I have been getting a few errors, including Error: Resources exceeded during query execution.
for a while. It required a couple of BigQuery tricks to make it work
- TOP/COUNT is faster than GROUP BY/ORDER/LIMIT.
- Filtering data prior to join in sub-query reduces memory usage.
- Regexps and globs are expensive. LEFT/RIGHT is much faster.
- Avoid scanning files without .el or .emacs extension (thanks to filtering done by join).
Results
Full list of top 5000 is at https://github.com/kozikow/kozikow-blog/blob/master/github_emacs_packages_5000.csv .

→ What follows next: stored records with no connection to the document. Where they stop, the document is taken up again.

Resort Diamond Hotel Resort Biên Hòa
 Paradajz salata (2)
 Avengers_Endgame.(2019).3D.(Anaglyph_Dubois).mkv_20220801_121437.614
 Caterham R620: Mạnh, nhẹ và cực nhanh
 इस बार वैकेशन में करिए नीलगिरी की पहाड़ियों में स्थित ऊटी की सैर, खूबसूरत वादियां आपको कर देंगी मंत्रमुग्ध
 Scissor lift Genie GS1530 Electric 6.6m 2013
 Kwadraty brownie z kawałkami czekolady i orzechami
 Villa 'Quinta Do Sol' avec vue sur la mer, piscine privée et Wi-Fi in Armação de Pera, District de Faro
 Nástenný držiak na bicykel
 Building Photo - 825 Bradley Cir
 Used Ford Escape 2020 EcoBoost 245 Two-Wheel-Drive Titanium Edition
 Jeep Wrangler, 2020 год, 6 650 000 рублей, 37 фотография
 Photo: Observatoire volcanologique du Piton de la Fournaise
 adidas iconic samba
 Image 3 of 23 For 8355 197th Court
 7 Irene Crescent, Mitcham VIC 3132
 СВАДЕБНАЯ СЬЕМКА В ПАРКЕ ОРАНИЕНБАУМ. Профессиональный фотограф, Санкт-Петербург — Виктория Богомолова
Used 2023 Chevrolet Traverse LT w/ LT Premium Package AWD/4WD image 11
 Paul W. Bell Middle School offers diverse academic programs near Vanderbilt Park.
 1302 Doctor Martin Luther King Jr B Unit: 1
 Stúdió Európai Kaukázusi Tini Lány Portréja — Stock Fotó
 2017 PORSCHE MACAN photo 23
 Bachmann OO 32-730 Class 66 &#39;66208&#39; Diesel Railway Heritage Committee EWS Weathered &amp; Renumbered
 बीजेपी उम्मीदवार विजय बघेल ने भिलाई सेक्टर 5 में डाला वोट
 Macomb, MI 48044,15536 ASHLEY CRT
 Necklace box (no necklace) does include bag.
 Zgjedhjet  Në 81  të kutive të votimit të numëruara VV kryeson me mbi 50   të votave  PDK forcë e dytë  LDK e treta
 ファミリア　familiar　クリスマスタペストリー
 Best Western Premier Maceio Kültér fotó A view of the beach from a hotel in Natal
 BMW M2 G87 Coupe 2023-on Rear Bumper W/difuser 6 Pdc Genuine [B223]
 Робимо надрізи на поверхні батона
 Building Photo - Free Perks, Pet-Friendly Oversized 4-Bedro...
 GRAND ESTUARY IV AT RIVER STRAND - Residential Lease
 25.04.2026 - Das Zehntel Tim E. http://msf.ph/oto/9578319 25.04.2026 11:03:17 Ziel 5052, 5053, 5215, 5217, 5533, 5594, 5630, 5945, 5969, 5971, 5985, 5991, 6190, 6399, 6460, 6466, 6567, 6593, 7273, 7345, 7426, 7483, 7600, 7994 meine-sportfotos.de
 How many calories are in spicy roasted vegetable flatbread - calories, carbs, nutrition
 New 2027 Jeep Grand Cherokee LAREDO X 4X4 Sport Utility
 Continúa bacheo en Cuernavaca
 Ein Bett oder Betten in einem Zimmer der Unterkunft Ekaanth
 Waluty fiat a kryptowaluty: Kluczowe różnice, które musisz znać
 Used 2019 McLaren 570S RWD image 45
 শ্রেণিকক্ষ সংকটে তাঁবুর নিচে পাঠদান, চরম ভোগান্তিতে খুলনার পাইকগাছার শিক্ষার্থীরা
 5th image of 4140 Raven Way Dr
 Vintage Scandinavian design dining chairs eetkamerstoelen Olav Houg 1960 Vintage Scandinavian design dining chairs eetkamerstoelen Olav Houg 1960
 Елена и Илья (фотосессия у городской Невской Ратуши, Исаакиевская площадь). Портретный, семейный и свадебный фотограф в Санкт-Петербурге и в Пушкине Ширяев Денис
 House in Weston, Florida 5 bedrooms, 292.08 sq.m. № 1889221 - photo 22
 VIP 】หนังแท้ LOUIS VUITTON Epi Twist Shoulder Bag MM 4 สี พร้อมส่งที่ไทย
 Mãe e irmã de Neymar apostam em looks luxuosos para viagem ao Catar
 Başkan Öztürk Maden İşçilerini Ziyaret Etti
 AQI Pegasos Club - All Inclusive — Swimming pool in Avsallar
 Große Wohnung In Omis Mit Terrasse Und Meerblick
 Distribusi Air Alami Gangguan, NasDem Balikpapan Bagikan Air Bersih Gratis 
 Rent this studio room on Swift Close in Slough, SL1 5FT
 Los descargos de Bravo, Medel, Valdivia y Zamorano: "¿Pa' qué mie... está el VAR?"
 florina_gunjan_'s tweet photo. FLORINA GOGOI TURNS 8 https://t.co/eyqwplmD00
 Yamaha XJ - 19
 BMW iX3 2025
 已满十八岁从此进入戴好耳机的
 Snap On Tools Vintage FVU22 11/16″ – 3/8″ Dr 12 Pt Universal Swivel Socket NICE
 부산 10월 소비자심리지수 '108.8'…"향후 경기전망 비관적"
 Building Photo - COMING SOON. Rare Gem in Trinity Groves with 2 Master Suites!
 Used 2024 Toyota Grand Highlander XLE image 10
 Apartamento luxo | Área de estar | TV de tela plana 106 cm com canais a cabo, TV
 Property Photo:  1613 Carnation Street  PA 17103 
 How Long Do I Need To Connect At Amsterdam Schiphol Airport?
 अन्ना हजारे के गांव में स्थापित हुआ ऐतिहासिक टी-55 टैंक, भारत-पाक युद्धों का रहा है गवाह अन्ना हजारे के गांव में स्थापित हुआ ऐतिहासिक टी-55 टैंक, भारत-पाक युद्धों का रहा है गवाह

Packages with 1000+ usages:
package | count |
---|---|
(require ‘cl-lib) | 18901 |
(require ‘org) | 12144 |
(require ‘cl) | 11695 |
(require ‘ob) | 11073 |
(require ‘ert) | 7978 |
(require ‘semantic) | 6684 |
(require ‘easymenu) | 5821 |
(require ‘comint) | 5255 |
(require ‘eieio) | 4691 |
(require ‘gnus) | 4446 |
(require ‘font-lock) | 4272 |
(require ‘quail) | 3991 |
(require ‘helm) | 3839 |
(require ‘dash) | 3650 |
(require ‘calc-macs) | 3602 |
(require ‘compile) | 3524 |
(require ‘gnus-util) | 3418 |
(require ‘erc) | 3371 |
(require ‘calc-ext) | 3295 |
(require ‘thingatpt) | 3294 |
(require ‘org-compat) | 3282 |
(require ‘org-macs) | 3268 |
(require ‘shimbun) | 3019 |
(require ‘url-parse) | 2921 |
(require ‘format-spec) | 2696 |
(require ‘company) | 2607 |
(require ‘package) | 2512 |
(require ‘ring) | 2399 |
(require ‘message) | 2334 |
(require ‘cc-mode) | 2329 |
(require ‘python) | 2243 |
(require ‘nnheader) | 2232 |
(require ‘mm-util) | 2227 |
(require ‘custom) | 2223 |
(require ‘calendar) | 2190 |
(require ‘nnoo) | 2187 |
(require ‘gnus-sum) | 2044 |
(require ‘mh-e) | 2022 |
(require ‘ox) | 1978 |
(require ‘gyp) | 1964 |
(require ‘magit) | 1953 |
(require ‘ede) | 1900 |
(require ‘json) | 1874 |
(require ‘dired) | 1849 |
(require ‘nnmail) | 1799 |
(require ‘button) | 1781 |
(require ‘tramp) | 1693 |
(require ‘slime) | 1629 |
(require ‘etags) | 1619 |
(require ‘ansi-color) | 1618 |
(require ‘wid-edit) | 1611 |
(require ‘url) | 1566 |
(require ‘mm-decode) | 1562 |
(require ‘gnus-art) | 1543 |
(require ‘helm-help) | 1538 |
(require ‘semantic/format) | 1504 |
(require ‘outline) | 1495 |
(require ‘imenu) | 1493 |
(require ‘ob-eval) | 1457 |
(require ‘ob-core) | 1419 |
(require ‘url-util) | 1396 |
(require ‘ecb-util) | 1374 |
(require ‘pcomplete) | 1357 |
(require ‘url-vars) | 1337 |
(require ‘speedbar) | 1336 |
(require ‘widget) | 1273 |
(require ‘esh-util) | 1260 |
(require ‘s) | 1239 |
(require ‘helm-utils) | 1234 |
(require ‘auto-complete) | 1232 |
(require ‘xml) | 1231 |
(require ‘semantic/db) | 1219 |
(require ‘haskell-mode) | 1201 |
(require ‘semantic/analyze) | 1195 |
(require ‘ewoc) | 1152 |
(require ‘gnus-range) | 1151 |
(require ‘eshell) | 1065 |
(require ‘cider-client) | 1040 |
(require ‘eieio-base) | 1037 |
(require ‘find-func) | 1032 |
(require ‘semantic/ctxt) | 1008 |
(require ‘help-mode) | 1006 |
(require ‘gnus-int) | 1001 |
Things to improve
In sampled query I counted unique repos that reference given library. In full query I just counted number of times given line appeared in any emacs file. It is better to count unique repos, but calculating distinct repos on a full contents would require additional join.